The newly released BCW Twiplomacy study 2020, which focuses on how world leaders have tweeted during the coronavirus pandemic and how Twitter has tried to keep the chatter clean from disinformation reveals that President Buhari recorded 3.1 million followers ahead of President Paul Kagame of Rwanda’s 1.9 million followers.
PMB’s Twitter follower growth within the period when Coronavirus emerged in Mid-March until June was 51 per cent.

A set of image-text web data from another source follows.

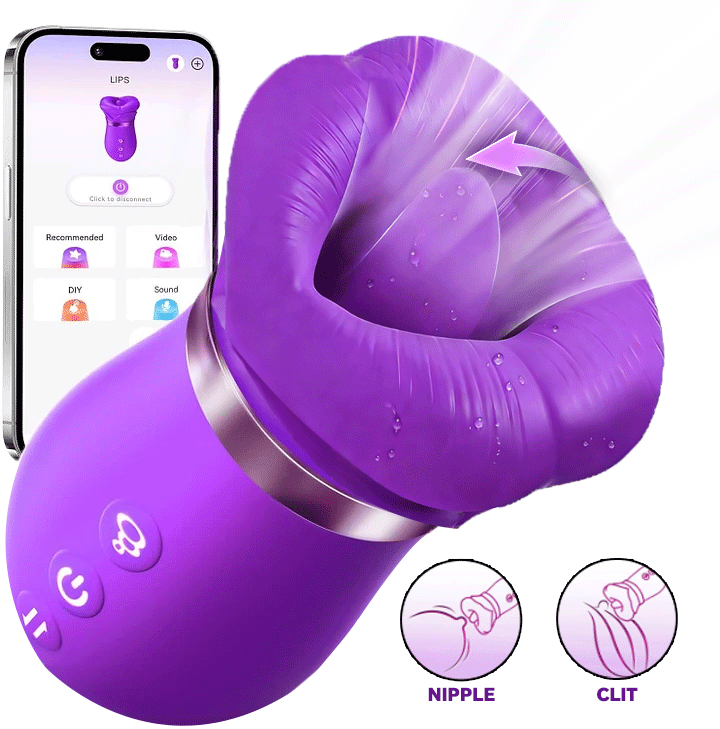 Kismet - Better Than Oral Sex, Realistic Tongue Vibrator App-Controlled Big Mouth Kissing & Sucking Vibrator By Rose Toy
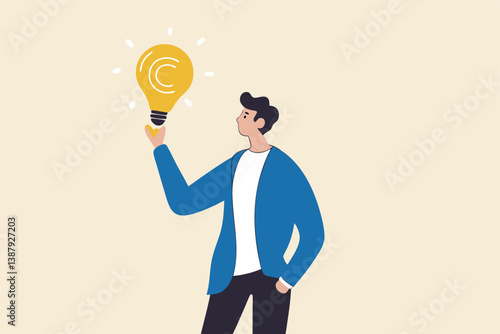 Copyright reserved, trademark intellectual property protection, original idea or innovation, legal or law protection registered concept, businessman holding light bulb idea with copyright symbol.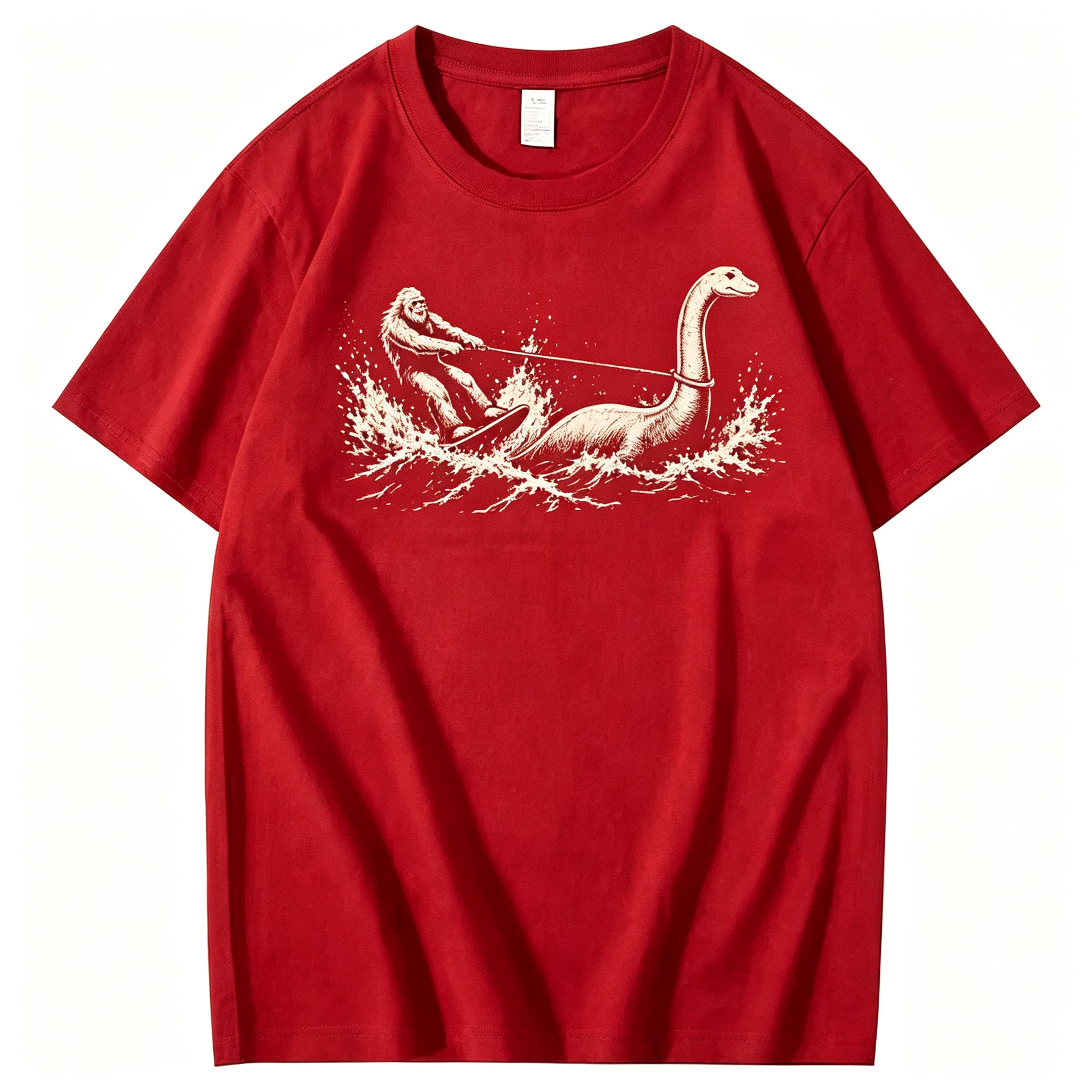 Funny Bigfoot Loch Ness Monster 100% Cotton T-Shirt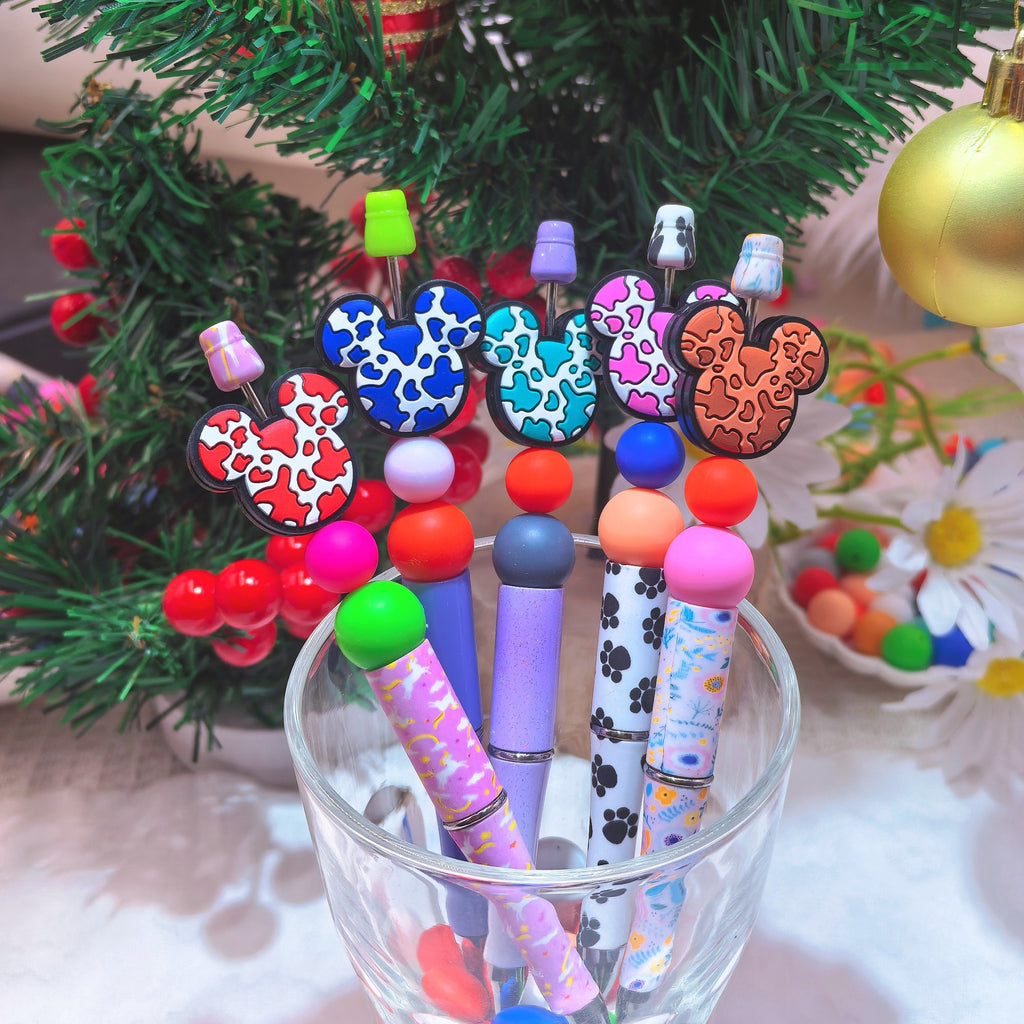 Silicone Focal Beads Mickey Head Multi-Color Spotted Pattern 20pcs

Commenting on the outcome of the research, Chief Innovation Officer, BCW (Burson Cohn & Wolfe), Chad Latz said “It is therefore vital for world leaders to use channels like Twitter to reach out to their followers to spread critical health warnings and keep their followers abreast of the latest COVID-19-related information. As the pandemic abates in some countries, world leaders will find themselves with an expanded audience for future engagement.”
Group Managing Director CMC Connect BCW (the affiliate company of BCW in Nigeria); Yomi Badejo-Okusanya commended the BCW global network for the professionalism that culminated in the timely release of the study. “This report will encourage leaders who have been lagging to tap into opportunities provided by social media to communicate rightly by increasing their activities on the platforms to educate and inform their people. COVID 19 has changed many around the globe, and in Africa the need to communicate what the government is doing and saying shows some level of transparency”, he added.
The 2020 Twiplomacy edition reveals that governments and leaders of 189 countries had an official presence on the social network, representing 98 percent of the 193 UN member states. The leaders use Twitter to share critical coronavirus information and encourage their citizens to “stay home” and “stay safe.” Many leaders have been leading by example and updating their Twitter profiles, wearing a face mask, and participating in the #SafeHands challenge. World leaders and diplomats also had to adapt to working from home and have been thrust into video conferences, making diplomacy truly digital.